[Collected material Boundary: Start]

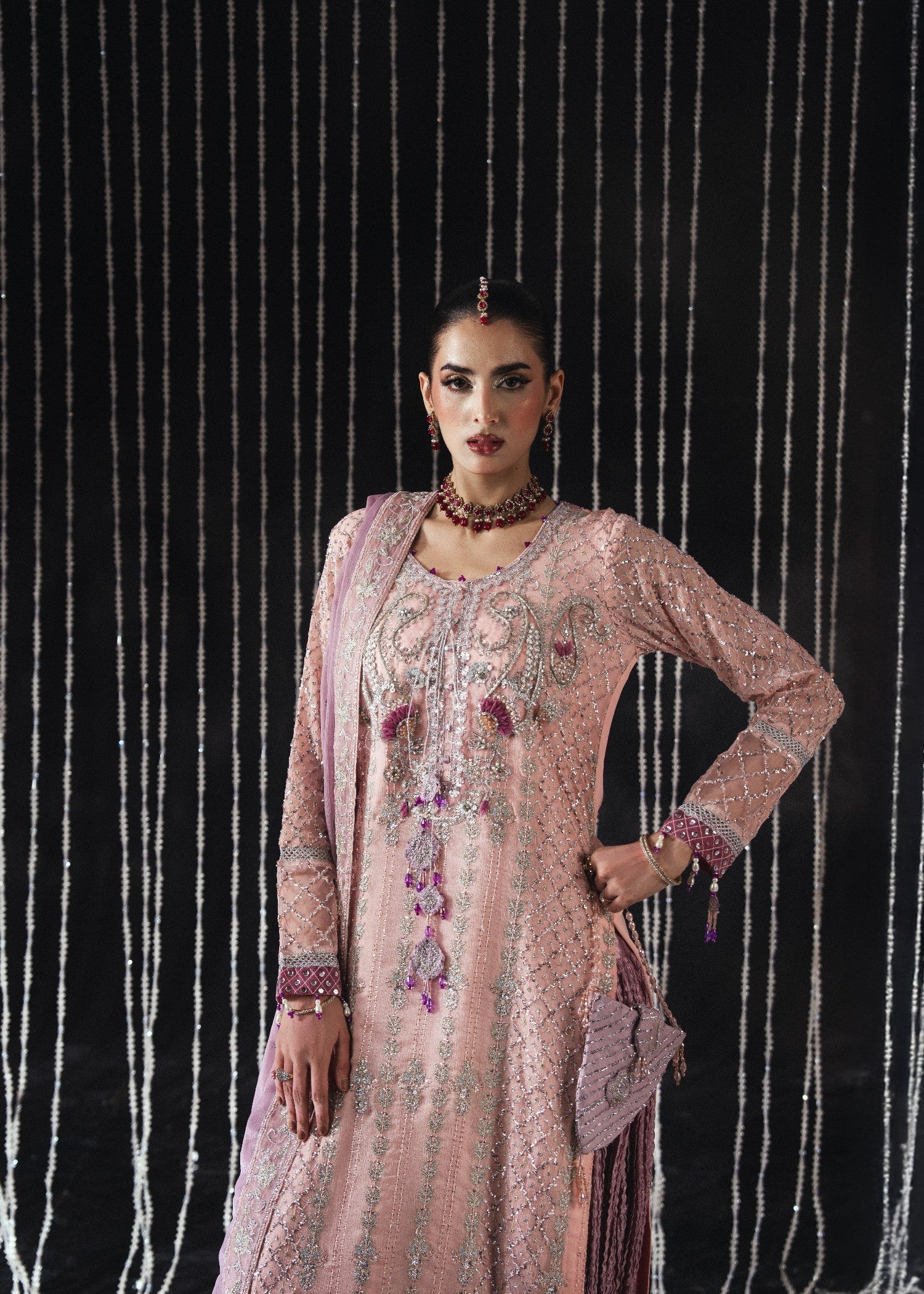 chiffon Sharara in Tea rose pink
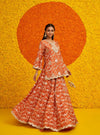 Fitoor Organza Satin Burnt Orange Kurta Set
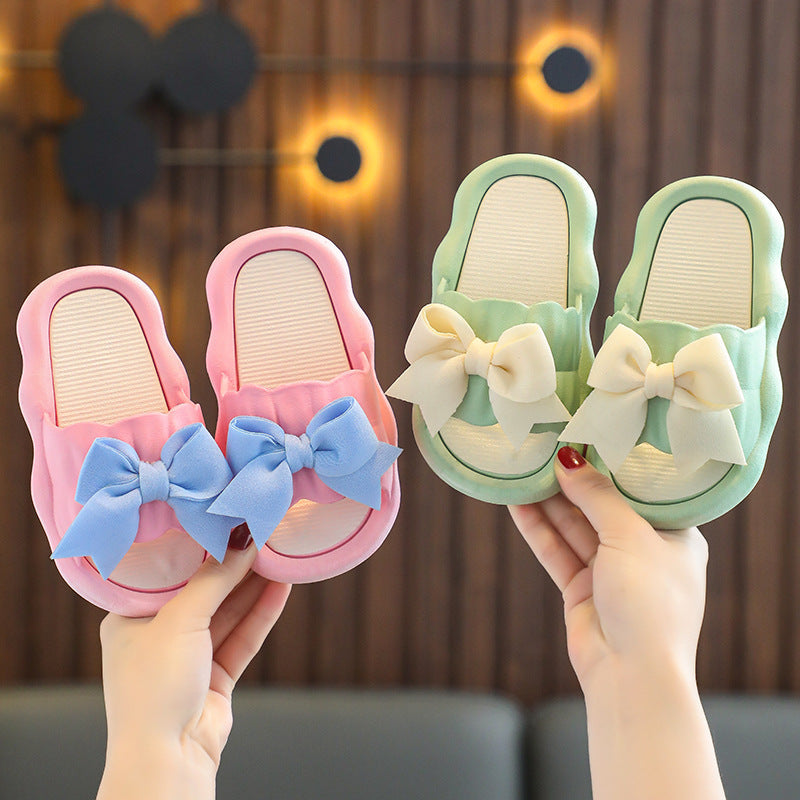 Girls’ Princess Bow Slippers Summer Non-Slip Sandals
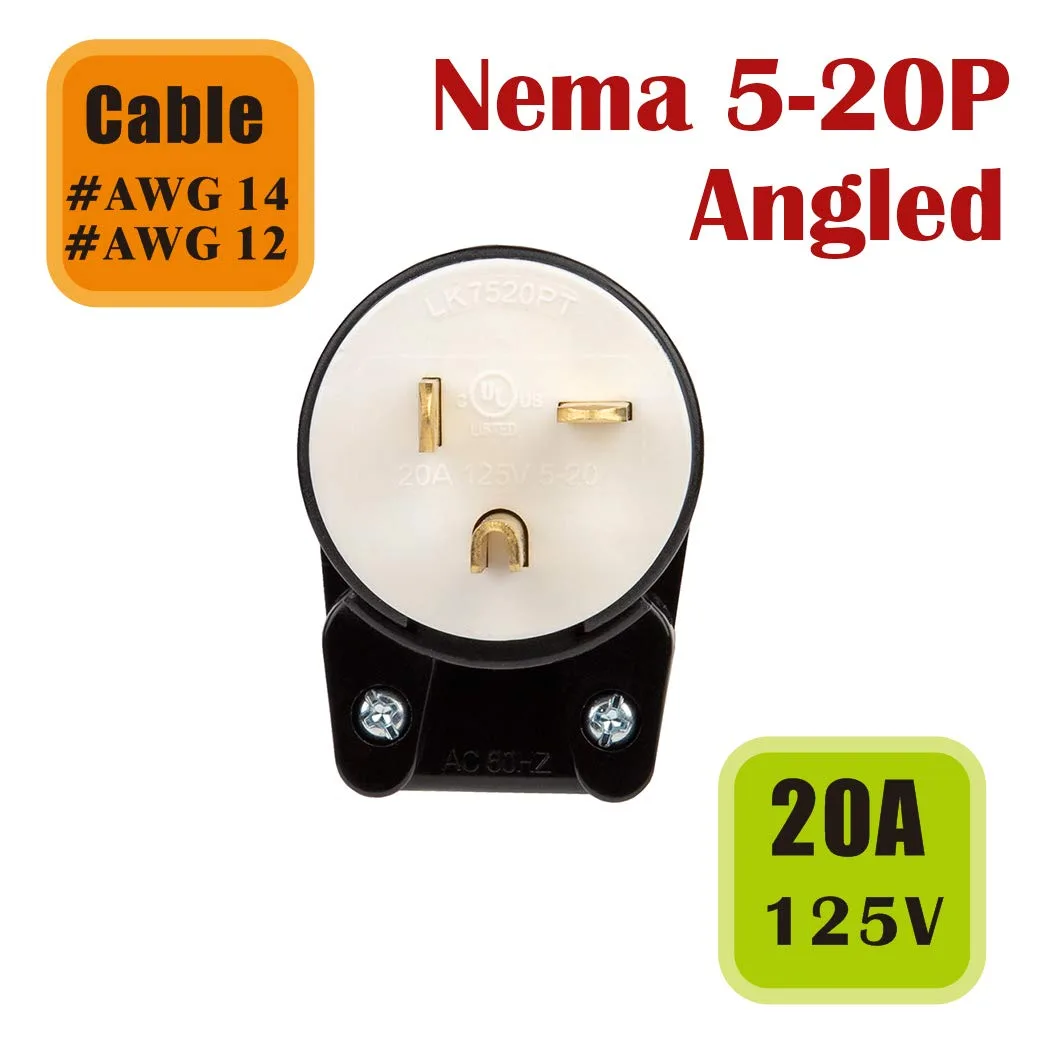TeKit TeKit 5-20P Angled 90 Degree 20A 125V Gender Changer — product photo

[Collected material Boundary: End]

# [Assignment]
Transcribe all the lines above exactly, apart from the pictures.

# [Expected output]
 chiffon Sharara in Tea rose pink
 Fitoor Organza Satin Burnt Orange Kurta Set
 Girls’ Princess Bow Slippers Summer Non-Slip Sandals
TeKit TeKit 5-20P Angled 90 Degree 20A 125V Gender Changer — product photo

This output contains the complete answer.